Goal of the exercise. Please print the listing that follows word for word, but skip any pictures it holds.

Raw data.
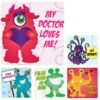 Sherman Dental HEALTHY & STRONG MONSTER MEDICAL PATIENT STICKERS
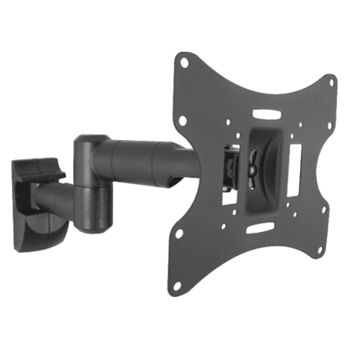 ULTRA, Monitor bracket, Wall mount, articulated & swing arm, Black, Suits LCD from 13" to 42", 30kg holding force, VESA 75x75, 100x100, 200x100, 200x200,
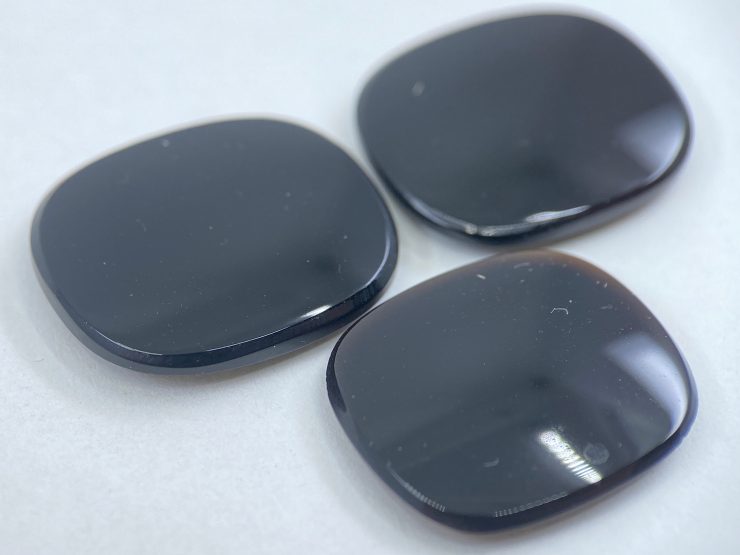 il fullxfull.3459586280 7ia1 scaled 15 Pieces of Black Onyx German Cut Double Bevel Antique Shape Loose Gemstones in 16x14mm for Jewellery Making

Finished exercise.
 Sherman Dental HEALTHY & STRONG MONSTER MEDICAL PATIENT STICKERS
 ULTRA, Monitor bracket, Wall mount, articulated & swing arm, Black, Suits LCD from 13" to 42", 30kg holding force, VESA 75x75, 100x100, 200x100, 200x200,
 il fullxfull.3459586280 7ia1 scaled 15 Pieces of Black Onyx German Cut Double Bevel Antique Shape Loose Gemstones in 16x14mm for Jewellery Making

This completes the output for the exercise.